Programmatic by design, Burlesque flattens singer Christina Aguilera's inherent thorny appeal — the persona that's at once obnoxiously provocative and sympathetic — by laughably casting her as the 21st-century, torch-singing equivalent of Ruby Keeler in a hodgepodge of Busby Berkeley plots, with none of the Depression-era style or social critique.

Aguilera's innocent Ali is a small-town orphan who Greyhounds it from Iowa to Hollywood and ends up at Burlesque, a nightclub run by Tess (Cher). Ali keeps her singing talent to herself while working her way up from waitress to dancer in the club's stage show, consisting of highly gymnastic, quasi-comic lip-synch routines set to standards.

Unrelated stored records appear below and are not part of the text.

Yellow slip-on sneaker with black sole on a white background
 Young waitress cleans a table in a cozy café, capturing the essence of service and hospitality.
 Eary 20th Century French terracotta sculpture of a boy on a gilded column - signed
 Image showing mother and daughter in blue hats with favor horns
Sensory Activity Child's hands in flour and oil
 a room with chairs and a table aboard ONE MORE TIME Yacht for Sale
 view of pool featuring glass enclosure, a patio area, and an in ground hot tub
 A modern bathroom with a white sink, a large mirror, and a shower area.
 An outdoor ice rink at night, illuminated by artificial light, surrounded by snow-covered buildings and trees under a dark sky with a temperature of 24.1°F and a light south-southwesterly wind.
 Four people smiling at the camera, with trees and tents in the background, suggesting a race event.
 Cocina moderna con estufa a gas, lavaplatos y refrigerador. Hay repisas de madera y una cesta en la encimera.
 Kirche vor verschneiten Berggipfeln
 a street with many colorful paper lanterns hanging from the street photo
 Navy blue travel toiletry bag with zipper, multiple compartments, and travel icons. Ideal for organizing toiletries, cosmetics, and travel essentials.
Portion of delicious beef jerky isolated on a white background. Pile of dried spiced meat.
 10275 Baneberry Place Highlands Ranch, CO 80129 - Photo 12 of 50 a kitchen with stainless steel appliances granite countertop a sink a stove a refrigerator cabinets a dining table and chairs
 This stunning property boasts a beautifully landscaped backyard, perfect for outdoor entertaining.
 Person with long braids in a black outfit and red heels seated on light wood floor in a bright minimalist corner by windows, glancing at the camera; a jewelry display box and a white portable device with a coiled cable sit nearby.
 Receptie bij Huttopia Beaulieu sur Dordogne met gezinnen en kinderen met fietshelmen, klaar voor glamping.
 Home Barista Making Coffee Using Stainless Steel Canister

Running an unconscionably extended 116 minutes, Burlesque is nearly half over before Aguilera is allowed to be Aguilera. The superstar is instead shoehorned into a rehashed backstage musical conceit: Good girl is tempted by bad guy, ultimately resists, becomes a star, finds love, and saves the show.

Cabaret is clearly the guiding reference here: Director Steve Antin confines each musical number to the stage, weaving in offstage narrative. What worked as a dialectical tactic in that film, creating ironic tension between the on- and offstage worlds, feels here like a tacit admission from Antin that he doesn't have enough faith in the audience's ability to read story and character development into the song and dance. Not that he's working with Kander and Ebb: The film's catchiest tune — treated as a throwaway — is, bizarrely, based on a Marilyn Manson sample.